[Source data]
Start of Block

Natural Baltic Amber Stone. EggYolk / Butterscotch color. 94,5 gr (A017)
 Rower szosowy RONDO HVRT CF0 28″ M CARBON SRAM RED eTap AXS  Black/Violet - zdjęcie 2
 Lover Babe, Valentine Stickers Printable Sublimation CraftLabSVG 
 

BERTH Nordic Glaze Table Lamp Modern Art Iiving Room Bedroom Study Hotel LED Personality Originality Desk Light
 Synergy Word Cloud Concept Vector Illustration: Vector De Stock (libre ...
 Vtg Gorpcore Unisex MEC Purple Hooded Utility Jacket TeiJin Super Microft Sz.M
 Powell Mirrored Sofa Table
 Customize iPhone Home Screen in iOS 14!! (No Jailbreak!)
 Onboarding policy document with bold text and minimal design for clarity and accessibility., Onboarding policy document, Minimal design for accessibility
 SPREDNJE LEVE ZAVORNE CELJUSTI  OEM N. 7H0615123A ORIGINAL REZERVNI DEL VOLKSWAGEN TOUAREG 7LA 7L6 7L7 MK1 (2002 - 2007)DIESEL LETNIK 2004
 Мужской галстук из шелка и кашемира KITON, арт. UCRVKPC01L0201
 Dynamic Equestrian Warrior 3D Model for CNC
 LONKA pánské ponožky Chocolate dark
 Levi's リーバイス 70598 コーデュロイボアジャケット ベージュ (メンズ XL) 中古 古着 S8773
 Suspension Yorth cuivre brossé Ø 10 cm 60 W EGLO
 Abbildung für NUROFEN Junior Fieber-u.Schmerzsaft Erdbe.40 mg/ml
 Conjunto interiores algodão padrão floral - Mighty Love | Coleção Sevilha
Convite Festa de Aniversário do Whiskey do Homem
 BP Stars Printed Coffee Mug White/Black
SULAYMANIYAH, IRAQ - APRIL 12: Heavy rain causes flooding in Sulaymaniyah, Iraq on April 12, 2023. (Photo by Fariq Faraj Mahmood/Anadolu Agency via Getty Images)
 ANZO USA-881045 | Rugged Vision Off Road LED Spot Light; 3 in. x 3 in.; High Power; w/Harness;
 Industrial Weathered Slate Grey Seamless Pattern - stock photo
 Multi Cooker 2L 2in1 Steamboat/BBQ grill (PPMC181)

End of Block

__INSTRUCTIONS TO FOLLOW__: Return the lines above that include the string "Black".

__EXERCISE RESPONSE__:
 Rower szosowy RONDO HVRT CF0 28″ M CARBON SRAM RED eTap AXS  Black/Violet - zdjęcie 2
 BP Stars Printed Coffee Mug White/Black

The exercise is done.